A grassroots campaign is continuing its effort to have voters decide on imposing term limits of eight years for Pinellas County Commissioners later this year.

The campaign is being organized by Friends of Pinellas County, which needs to gather more than 56,000 signatures from registered voters in Pinellas County this summer to get the measure on the Nov. ballot.


What You Need To Know

  • More than 72% of Pinellas County voters did approve implementing term limits of eight years for county commissioners and constitutional officers in 1996, but subsequent litigation prevented the measure from ever going into effect

  • County Commissioners voted earlier this year on a proposal for 12-year term limits, but the measure failed to get the supermajority required

  • A citizen's-led effort is trying to gather enough signatures to qualify to put the question to Pinellas County voters in November

“I think that we’re seeing that once we give people in office more than eight years – regardless of what office we’re talking about -it becomes kind of a ‘uni-party’ and they stop having real debates about things,” says Barb Haselden, a St. Petersburg conservative acitvist and the executive director of Friends of Pinellas County.
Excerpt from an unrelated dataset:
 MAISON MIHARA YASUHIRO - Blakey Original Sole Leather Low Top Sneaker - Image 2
Haselden notes that the lack of term limits in the county has allowed some commissioners to serve as long as two decades or more in Pinellas County government. Among those in that category include St. Petersburg Mayor Ken Welch — who served on the board from 2000-2020 — and Karen Seel, who was initially appointed to the board in 1999 and will step down from her District 5 seat later this year.
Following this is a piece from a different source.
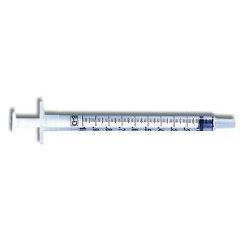 BD 1cc (1ml) Luer-Slip Tip Syringe NO NEEDLE (25 Pack)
Commissioner Janet Long says that simply proves that those lawmakers were popular enough to continue to be relelected over the years. Now in her tenth year in office, Long doesn't support the idea.

“If you’re not happy with who you have in office, then run yourself for election or vote the person out,” she says, noting the fact that only Commissioner Seel has been on the board longer than herself.
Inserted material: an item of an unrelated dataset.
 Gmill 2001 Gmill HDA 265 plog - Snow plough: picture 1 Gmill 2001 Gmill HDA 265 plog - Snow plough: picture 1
"That says to me that term limits has happened naturally by virtue of our election process," Long adds.

Haselden and her organization committed to the effort after the board voted down a proposal by Commissioner David Eggers in February to propose a charter amendment that would impose term limits of 12 years, or three four-year terms, for board members. The measure needed five votes to move forward, but only received approval from Eggers and Commissioners Charlie Justice and Kathleen Peters.

In 1996, Pinellas County voters overwhelmingly supported a charter amendment that would place term limits of eight years for county commissioners and five constitutional officers - sheriff, supervisor of elections, clerk of the circuit court, property appraiser and tax collector.

In 2002, however, the Florida Supreme Court overturned the measure, saying it was unconstitutional. They reversed themselves in 2012, but the measure never went into effect. The Pinellas County Charter Review Committee heard arguments about placing the measure on the ballot in 2015-2016, but ultimately declined to do so.

It’s not easy getting a charter amendment on the ballot. The county’s Charter requires that petitions must equal eight percent of the number of registered voters in the county at the time of the last election. In 2020 there were 711,171 “registered electors” in Pinellas County, meaning that the group needs more than 56,000 signatures to qualify. That’s not all, however. No more than 30 percent of those signing can reside in any one of the four single-member districts in the county, and no more than 40 percent can reside in one of the county’s three at-large districts.